All about Vampires and Vampirism
There is no more terrifying figure than the vampire, a corpse which leaves its grave during the night in order to feast on the blood of the living and turn them into vampires. Most of us are familiar with ways to kill them and to protect ourselves: driving a stake through the heart, covering ourselves with garlic, carrying the thorns of wild roses or wearing silver crosses.
But are tales of blood-sucking cadavers more than mere legend? Do vampires really exist?
Since the beginning of civilization there have been stories in every culture of the undead drinking blood, vampire-like entities which prey on the living, Indian vampires called rakshasas appear in the Vedas in 1500 B.C. Malaysian vampires are called penanggalen, a bodiless head that feeds on children. The ancient Greeks and Romans believed in lamia, strigoi, or vrykolas, and the Chinese vampire is called xiang shi.
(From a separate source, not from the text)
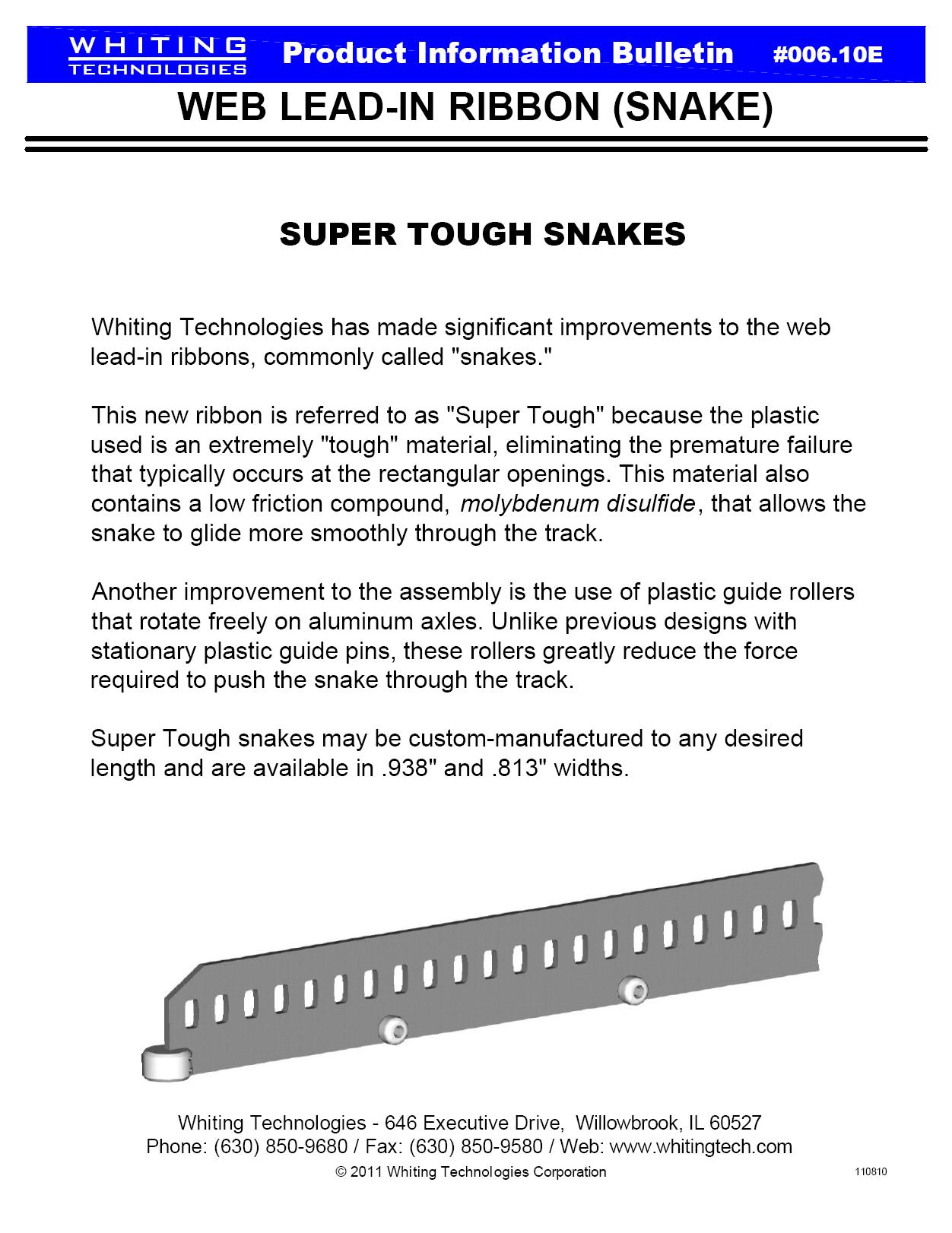 Snake - Web Lead Ribbon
Vampires are depicted in wall paintings discovered in the Indus Valley. They are over 5,000 years old and show vampire-like gods with prominent fangs. One of them in Nepal shows a figure drinking blood.
The best documented historical case of vampirism occurred in the early eighteenth century in 1727, a Serbian soldier, Arnold Poale, was stationed in Greece, where he claimed to have been attacked by a vampire. Shortly afterwords he fell from a hay wagon and died. His body was buried in the town cemetery, but one month later villagers reported seeing him walking around town.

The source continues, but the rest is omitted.